Meningitis is the (swelling) of the protective membranes covering the brain and spinal cord known as the meninges. This inflammation is usually caused by an infection of the fluid surrounding the brain and spinal cord. Meningitis is usually caused by bacteria or viruses.
The current outbreak in the country is caused by Type C strain, which is rare and different from the the type B strain. Past vaccination against Meningitis will NOT guarantee protection against this strain as the vaccines commonly available in Nigeria are against the type B strain.
Meningitis spreads through close personal contact such as coughing, sneezing, and kissing. Contact with throat secretions from an infected person (for example, phlegm or saliva).
Sharing personal belongings.
Poor personal hygiene.
Note that previous contact with someone who was diagnosed with meningitis increases the chances of getting infected.
MAJOR SYMPTOMS TO LOOK OUT FOR
Symptoms can come on very quickly or gradually over a few days. It can kill within 24 hours so you need to be very observant and watch out for the following symptoms:
- A very strong aversion for light. The person always looks away from bright light and prefers dark rooms.
- Neck stiffness and pain that makes it difficult to touch your chin to your chest as such moving the neck causes severe pains.
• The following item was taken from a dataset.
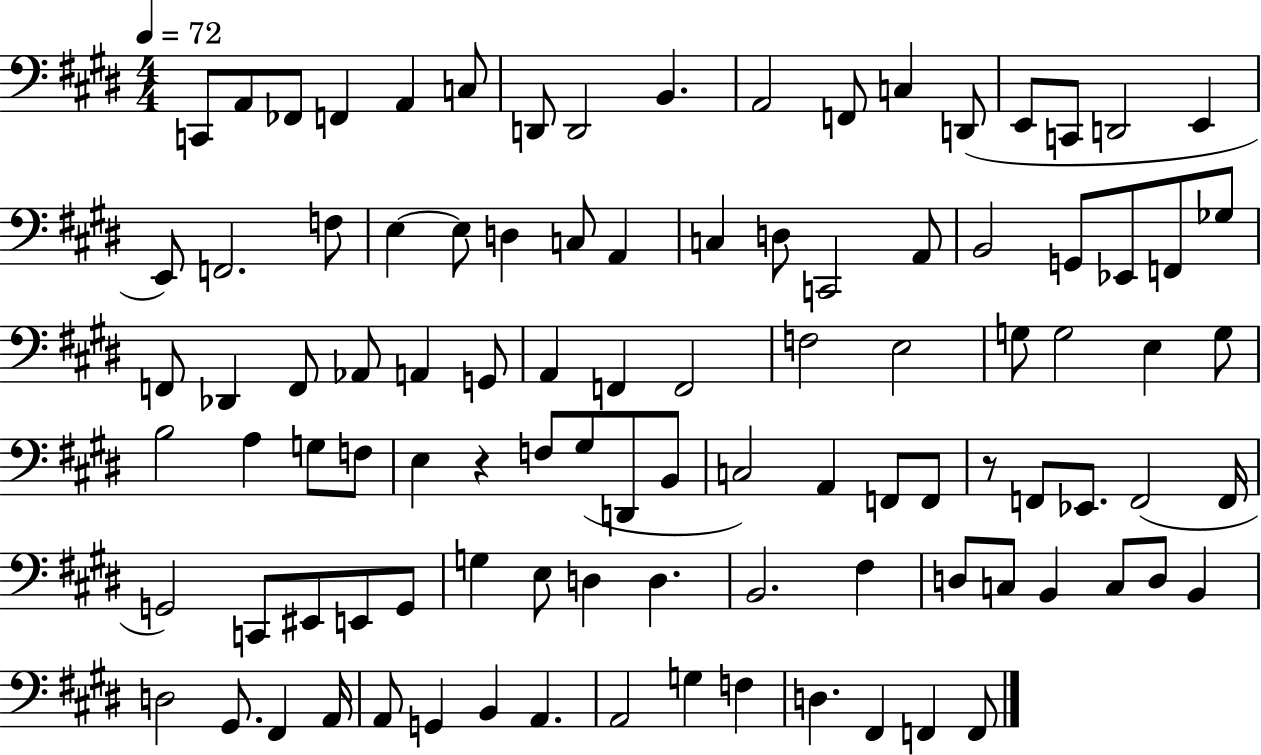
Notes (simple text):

C2/e A2/e FES2/e F2/q A2/q C3/e D2/e D2/h B2/q. A2/h F2/e C3/q D2/e E2/e C2/e D2/h E2/q E2/e F2/h. F3/e E3/q E3/e D3/q C3/e A2/q C3/q D3/e C2/h A2/e B2/h G2/e Eb2/e F2/e Gb3/e F2/e Db2/q F2/e Ab2/e A2/q G2/e A2/q F2/q F2/h F3/h E3/h G3/e G3/h E3/q G3/e B3/h A3/q G3/e F3/e E3/q R/q F3/e G#3/e D2/e B2/e C3/h A2/q F2/e F2/e R/e F2/e Eb2/e. F2/h F2/s G2/h C2/e EIS2/e E2/e G2/e G3/q E3/e D3/q D3/q. B2/h. F#3/q D3/e C3/e B2/q C3/e D3/e B2/q D3/h G#2/e. F#2/q A2/s A2/e G2/q B2/q A2/q. A2/h G3/q F3/q D3/q. F#2/q F2/q F2/e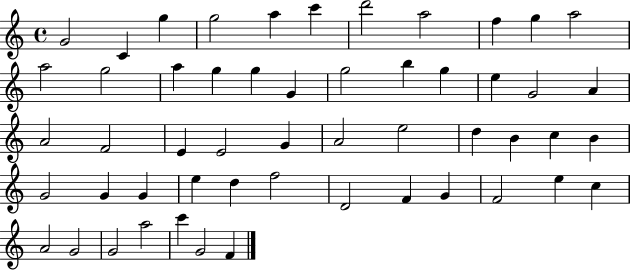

- Others include: Seizures, Sleepiness, and sluggishness, Nausea and vomiting, Decreased appetite, Confusion and disorientation (acting goofy), Skin rash, as well as Irritability.
WHO IS MOST SUSCEPTIBLE?
- People with low immunity e.g. people with HIV/AIDS, autoimmune disorders, chemotherapy etc
- People sleeping in crowded spaces including children in boarding schools, prisons, etc
- Pregnant women
- Children under the age of 5years old and the elderly
The good news is that this deadly disease can be prevented. The most effective form of prevention is VACCINATION with the MENINGOCOCCAL Vaccine type C. Since this vaccine is currently not abundance, these are other measures that can be taken:
- Avoid prolonged personal contact with people suspected, or confirmed to be infected as well as their body secretions..
- Avoid sharing personal items with people suspected, or confirmed to be infected.
- Get vaccinated if available; Vaccines which can help protect against Meningitis are: Haemophilus Influenzae type B (Hib) vaccine Pneumococcal conjugate vaccine Meningococcal vaccine
- Get adequate rest
- Avoid smoking
- If you have been in contact with a sick person in an affected area, visit your doctor to give you preventive antibiotics to reduce chances of contacting the disease and also carry out further evaluations with these preventive drugs have been recommended by medical experts:
- RIFAMPICIN 600mg TWICE daily for two days.The Tablet Rifampicin is mainly used for treating Tuberculosis, but is globally used for prophylaxis against Meningitis. Being a TB drug, it should be widely available in Nigeria. While the government seeks to generate funds for the meningococcal vaccine, this measure can be lifesaving for contacts of those infected.
- A single dose of 500mg CIPROFLOXACIN
- A single administration of CEFTRIAXONE intramuscularly 125mg for children and 250mg for adults.
If you come down with any of the previously mentioned symptoms, go to the hospital IMMEDIATELY and avoid people touching you unnecessarily.
Once meningitis is strongly suspected or confirmed, please DO NOT STAY AT HOME. Go to a hospital with facilities where you can get an IV line, isolation room, and the required antibiotics for treatment.